Third, the respondents’
cause of action was in any event not
complete on 4 October 1994 because they had not installed the
security features under the
rectified agreement. This means, so the
contention went, that the respondents’ claim to receive payment
(and the appellant’s
obligation to take transfer) could not
have begun to run then.
I deal with the
appellant’s three contentions in turn.
[26] As to the first – that its
claim was not for the transfer of property, I do not believe that the
judge misunderstood
the nature of the appellant’s claim. What
the court found under this heading was that the appellant’s
claim for the
transfer of the property had become prescribed before
the respondents sold the property to the municipality – and the
appellant
thus had no enforceable obligation against the respondents.
In consequence the sale could not constitute a repudiation of the
agreement.
I have no conceptual difficulty with this line of
reasoning.
[27] It is beyond dispute that the
suspensive conditions were fulfilled by 4 October 1994. This
means that the respondents’
claim for payment of the purchase
price as against their obligation to transfer the property to the
appellant arose then. So prescription
would have begun to run against
this claim – and the appellant’s correlative claim for
transfer of the property –
on 4 October 1994, when the debt
became due in terms of s 12(1) of the Act. Both claims, being
reciprocal, would thus have become
prescribed three years later, on 3
October 1997.
1
However, if the respondents had
wilfully withheld information regarding the fulfilment of the
suspensive conditions – and
that the debt was therefore due –
from the appellant, prescription would not have commenced running
until the appellant became
aware of the existence of the debt.
2
The appellant would be deemed to have
had such knowledge if it could have acquired it by exercising
reasonable care.
3
As I have mentioned the high court
decided these issues in the respondents’ favour. The appellant
takes issue with these findings.
[28] Concerning the first finding,
that the non-disclosure of the fulfilment of the suspensive
conditions was wilful, the appellant
submits that the respondents
deliberately withheld this information – the consequence of
which was that the property had
become registrable – from it
for fear of having to pay its costs in the application proceedings.
[29] The evidence shows that after
their attorneys advised them that the point taken by the appellant
regarding the validity of
the certificate was good, the respondents
resubmitted the sub-divisional diagram for endorsement after
correcting the error, even
though it had been pointed out to them
that resubmission might lead to an adverse costs order against them.
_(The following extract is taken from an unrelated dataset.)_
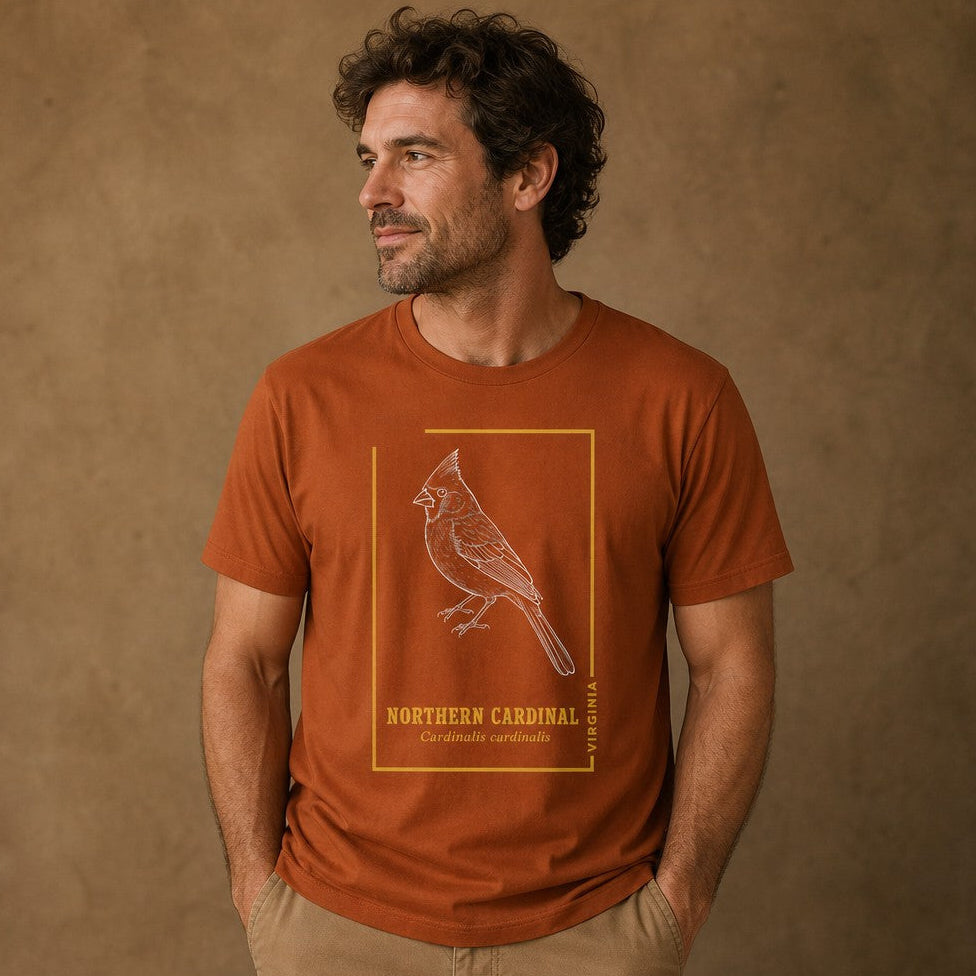 Man wearing an autumn orange Bella Canvas 3001 t-shirt featuring a white hand-drawn line art illustration of a northern cardinal framed by gold vintage accents and elegant serif text, cottagecore vintage style, ideal for birdwatchers and nature lovers, by Crossroads Dandelion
The respondents instructed
their attorneys to oppose such an order on
the ground that the practice had always been for transfers to take
place under the city
engineer’s endorsement. However, there is
not a scintilla of evidence to support the suggestion that the
respondents had
deliberately withheld information regarding the
resubmission from the appellant. The high court correctly found that
the evidence
showed that the respondents had throughout, at least
until the discussion between Mr Forbes and Mr Balmer in December 1994

two months after the certificate of registered title had been
granted – evinced an intention to proceed with the transfer.
It
is any event improbable that the respondents would have consciously
prevented the appellant from coming to know that the property
had
become registrable for the simple reason that they wanted the
property transfer to go ahead – not delayed or terminated

and were frustrated because Mr Balmer appeared to be intent on
delaying it. Furthermore, it was never put to any of
the respondents’
witnesses that they had withheld this information from the appellant
for fear that the appellant would seek
a costs order against them.
The evidence simply falls far short of establishing that the
respondents deliberately withheld this
information from the
appellant, and the high court was correct to dismiss this argument.
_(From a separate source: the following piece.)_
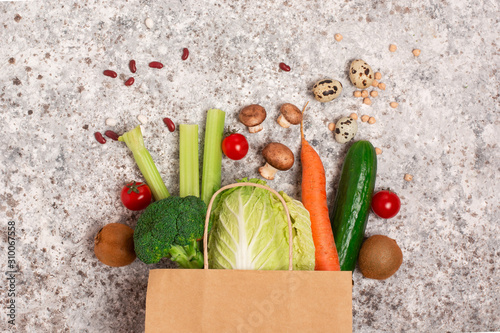 paper shopping bag with green health food on the gray backgraund. vegan and vegetarian concept. close up, copy space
[30] I turn to the appellant’s
second submission – that the high court erred in finding that
Mr Balmer ought to have
known by no later than December 1994 that the
property had become registrable had he exercised reasonable care. In
this regard
the appellant contends that it was perfectly reasonable
for it to have done nothing while the dispute regarding the
non-fulfilment
of the suspensive conditions and rectification were,
in Mr Balmer’s words, ‘locked . . . up in the courts’.
This
was a reference to the fact that nothing had come of the motion
proceedings that the respondents had initiated (but removed from
the
roll). The judge, however, meticulously recorded the interactions
between the respondents and Mr Balmer from June to December
1994, and
particularly the conversation between Mr Forbes and Mr Balmer in
December – when Mr Forbes pressed Mr Balmer
to take
transfer of the property. As the evidence showed, Mr Balmer demurred
and informed Mr Forbes that he was not in a position
to take transfer
then. In effect Mr Balmer again wanted to delay the transfer as he
had done virtually from the beginning.
[31] Although Mr Forbes could not
recollect the detail of the conversation – understandably,
because it had taken place so
long ago – there is no evidence
that Mr Balmer enquired whether the requisite certificate from the
municipality had been
obtained. This behaviour is strange for a
person who was advised to resist the respondents’ attempt to
enforce the agreement
by taking a technical point that the
certificate was not signed by the correct official, and a few months
later, when he was asked
whether he was prepared to take transfer,
did not enquire – then or soon afterwards – whether this
problem had been
solved.
[32] I do not think that Mr Balmer’s
excuse that he had no need to do anything while the motion
proceedings were pending passes
the test for the exercise of
reasonable care. The contrary is true. By December 1994, following
the conversation with Mr Forbes,
it must have been clear to Mr Balmer
that the respondents were ready to transfer the property to him
whatever the status of their
legal dispute. But it is equally clear
that Mr Balmer was not interested in taking transfer of the
property; at best he was
intent on delaying the process until his
security concerns were addressed, at worst he wanted to walk away
from the agreement,
and was prepared to use any excuse to achieve
this. This attitude, rather than the fact that the litigation had not
been finalised,
appears to have been the probable reason for
Mr Balmer’s failure to act diligently to establish whether
the suspensive
conditions had in fact been satisfied. Again, the
appellant’s criticism of the high court’s judgment must
founder.
[33] This brings me to the appellant’s
third submission – that its rectification defence in the
application proceedings,
being a claim that cannot prescribe, meant
that its claim on the ‘rectified’ contract could not have
become prescribed.
The corollary of this submission is that
prescription could not have begun to run against the respondents’
claim for payment
of the purchase price on the unrectified agreement
on 4 October 1994.
[34] This submission has no merit. The
appellant’s cause of action as pleaded in its particulars of
claim was that the respondents
repudiated the agreement concluded in
1990 – not the rectified agreement. In respect of that
agreement, as I have mentioned,
it is common cause that prescription
began to run on 4 October 1994 against both the respondents’
claim for payment
of the purchase price and the appellant’s
corresponding obligation to take transfer. And once the claim based
on that agreement
became prescribed, the respondents could logically
no longer have repudiated it.
[35] Moreover, the respondents are
correct in their submission that the claim for rectification was not
one that, if successful,
was an answer to their claim for payment of
the purchase price. This is because the clause that the appellant
sought to have inserted
into the contract, as formulated in its
answering affidavit, did not create reciprocal obligations – it
provided only that
the respondents install the security features
within a reasonable time of the fulfilment of the suspensive
conditions. The respondents
were never placed in
mora
in
respect of the obligation that that clause would create. So the
appellant’s assertion that prescription of the respondents’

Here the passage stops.